When it comes to thinking about blockchains, most of us automatically go to cryptocurrencies like bitcoin and Ethereum and think about money. How much are these currencies worth in US dollars? How much value have they gained or lost recently? It took two financially-related but non-monetary examples that I heard about recently to convince me that I was looking at the wrong part of the elephant.
Before I tell you about how I came to this insight I want to talk about the money part of blockchain first. I recently read Dan Conway’s new memoir, Confessions of a Crypto Millionaire. The book is now out, and I would urge you to get a copy and read it. Unlike many business books that quickly run out of ideas and out of steam after the first chapter, Conway’s tale about how he became an early investor in Ether is both a cautionary and celebratory one. You can read my review of his book here, along with some insights from the email conversation we have had over its launch. From these emails, Conway told me about an experiment by the UN with an Indian local land registry in Panchkula. The issue is trying to identify the rightful owner of a plot of land, particularly in the developing world where paper records are scarce or misfiled. The UN has built a registry based on Ethereum smart contracts to create a single source of truth of ownership status and property history. The buyer will be assured that the land being bought is the correct plot, and that the seller is unequivocally its owner. Everyone can see in near real time who owns what, improving accuracy and transparency. The system doesn’t require computer access or Ether wallets and works in the background to support land transactions. Similar projects are underway in title registries the States and in other countries too.
Blockchain technology is being used in another interesting project as part of a new protocol from Kiva.org. I have been loaning money to various developing world entrepreneurs for a decade through this organization which funds millions of dollar-equivalents of such loans. I wrote about Kiva here in 2009 and since then have been active using their platform. Over the years I have funded 54 different people in more than 30 countries and loaned $1400. This was done with a very modest amount of “new money” because I very determinedly loan my funds when the original loans have been paid back. And what is interesting is almost all my loans have been paid back, with less than $30 lost from defaults, although some loans are paid in full but late.
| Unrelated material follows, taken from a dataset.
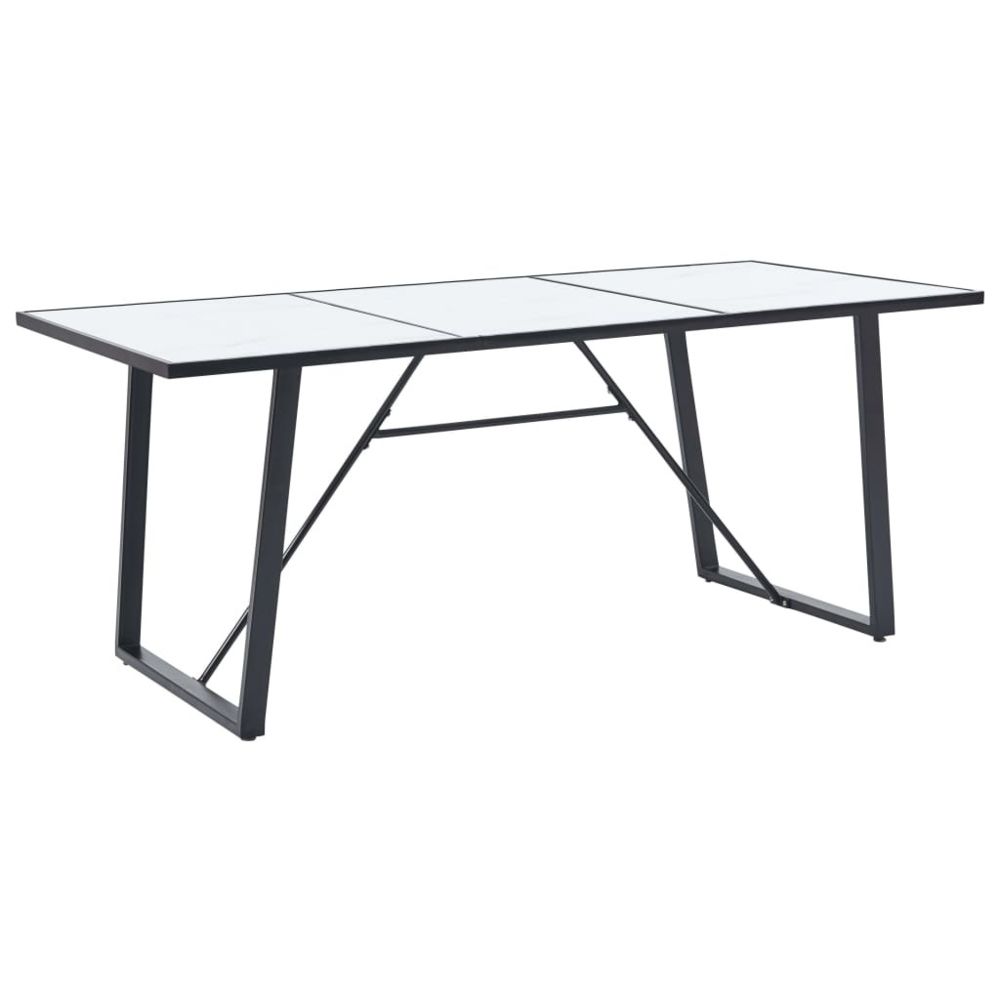 Vidaxl - vidaXL Table de salle à manger Blanc 200x100x75 cm Verre trempé - Tables à manger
The way Kiva works, once you collect at least $25 back from your loan recipients, you can relend it to someone else.
Last year Kiva announced the creation of its own blockchain-based protocol, and last week announced its implementation in Sierra Leone. It will be available to the about 5M adults living there to use as an identity management device, based on their fingerprints to authenticate each person in financial transactions. One of the problems with many unbanked people is that there is no easy mechanism to verify someone who has no credit score, no previous financial history, no anything that you and I would consider part of our financial footprint. That is where the Kiva protocol comes into play. Whether it will work in Sierra Leone – or anywhere else – is still to be seen, but it is an interesting proof of concept. (I have yet to make a loan to anyone there, but you can be sure that I will look for someone to sponsor at the next opportunity.)
Being based on blockchain means there is no central repository of fingerprints that can be downloaded – they are stored in a distributed database that is created individually by each person. That was a hard concept for me to wrap my head around for some reason, but it makes sense when you think about it. It could be possible to decode each transaction to obtain a single fingerprint scan, but whether this could be done on a large enough scale would be difficult. Certainly, it would be a lot harder than just accessing an unprotected AWS S3 database, for example.
We are still in the brave new world of blockchain, to be sure. Expect to see other innovative ways to use identity and distributed databases in the future that have nothing to do with the bitcoin exchange rate. We certainly live in exciting times.